Okie dokie. Nailers 101...

Trim nailers are usually about 16 gauge. They'll typically shoot nails ranging from somewhere around 1" to 2-1/2" long. There are angled finish nailers and straight finish nailers. Either one will work fine, and it is a matter of preference. A trim nailer is what is needed to install base, casing, crown, chair rail, and general trimming around a house. 

Brad nailers are usually about 18 gauge, which is thinner than a trim gun nail. Brad nailers are great for smaller trim applications that involve nailing wood to other wood...Small mouldings, cabinetry, drawers, etc. My brad nailer shoots brads 5/8" to 1-1/4" I think. I use it a lot more, but I do a lot of woodworking. It is also nice for installing base shoe, as the thinner brad is less likely to split the wood.

If I could only have one gun, it would be a finish nailer, not a brad nailer. 

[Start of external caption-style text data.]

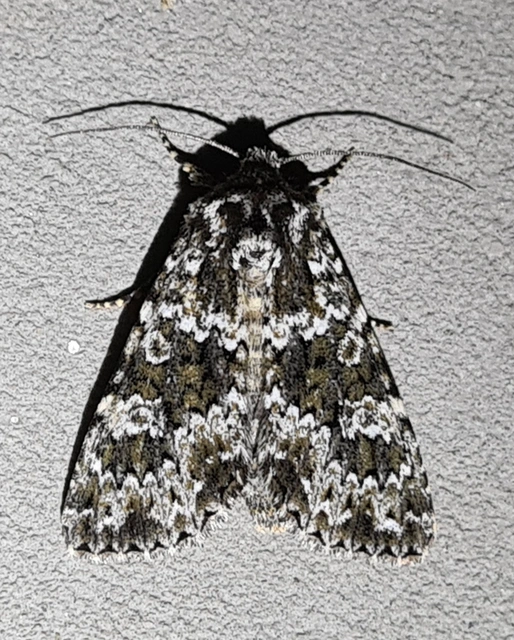 Polymixis polymita - kankalin-tarkabagoly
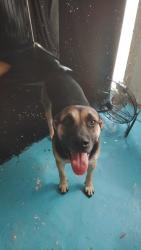 Lost Female Dog last seen S. Sierrita MTN Rd &Scottland , Tucson, AZ 85736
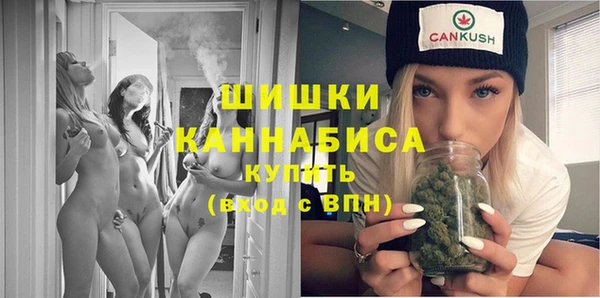 гашик Дмитров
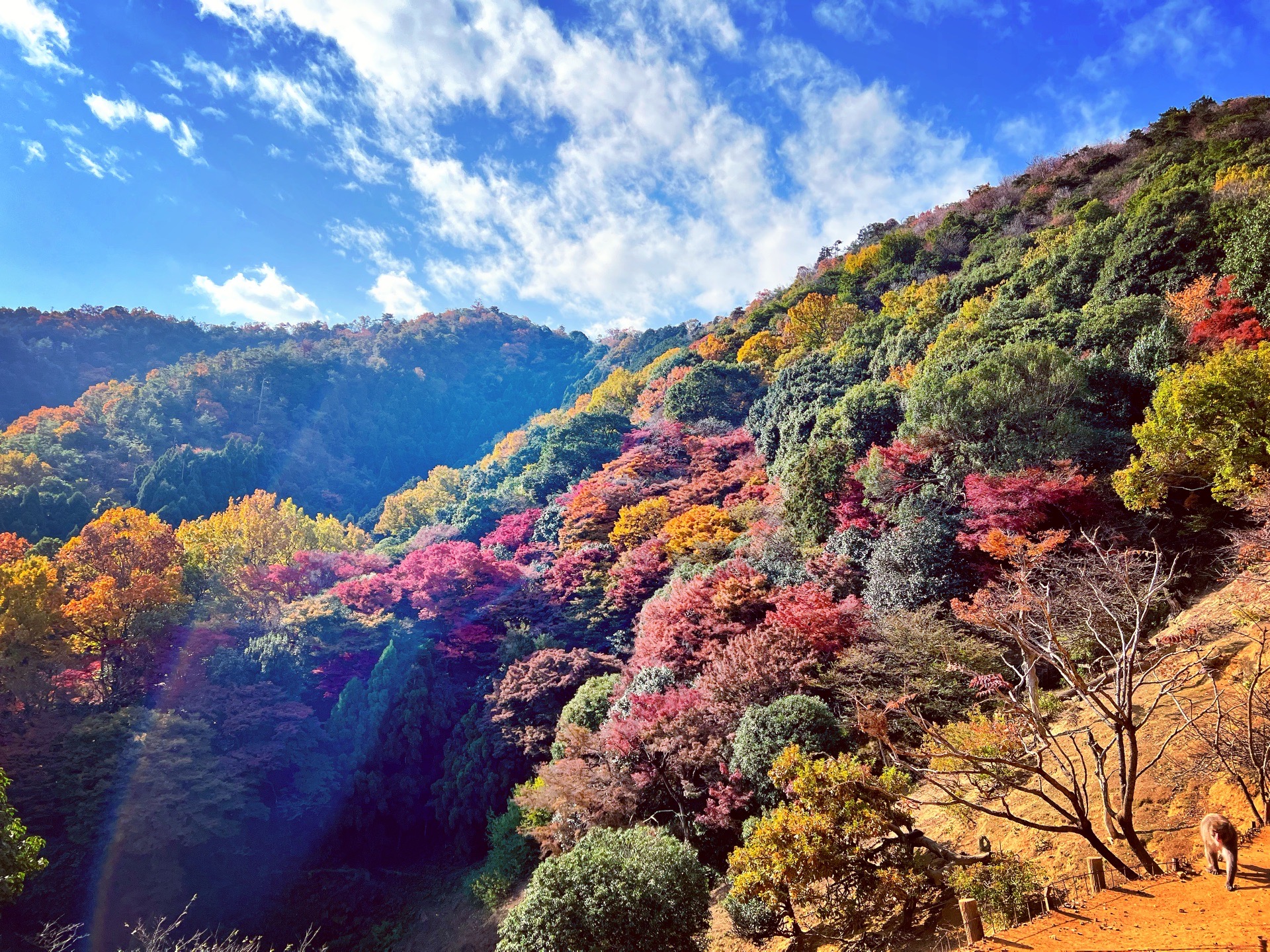 京都自助遊攻略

You can find some great deals. Last year I bought a Ridgid combo kit at Home Depot for $118. It included a brad nailer, a trim nailer, and a 9.6volt driver. That's two guns for the price of one, and a free driver to boot. Honestly, both nailers have performed flawlessly under a lot of use. I am really happy with them. I had Bostitch guns before, and they were more of a problem than an asset. I've had good luck with Senco and Paslode guns. Not a fan of the Porter Cable nailers, although I generally like their tools.


----------



## k.kuenn (Oct 29, 2007)

Thank you! That really does help!


----------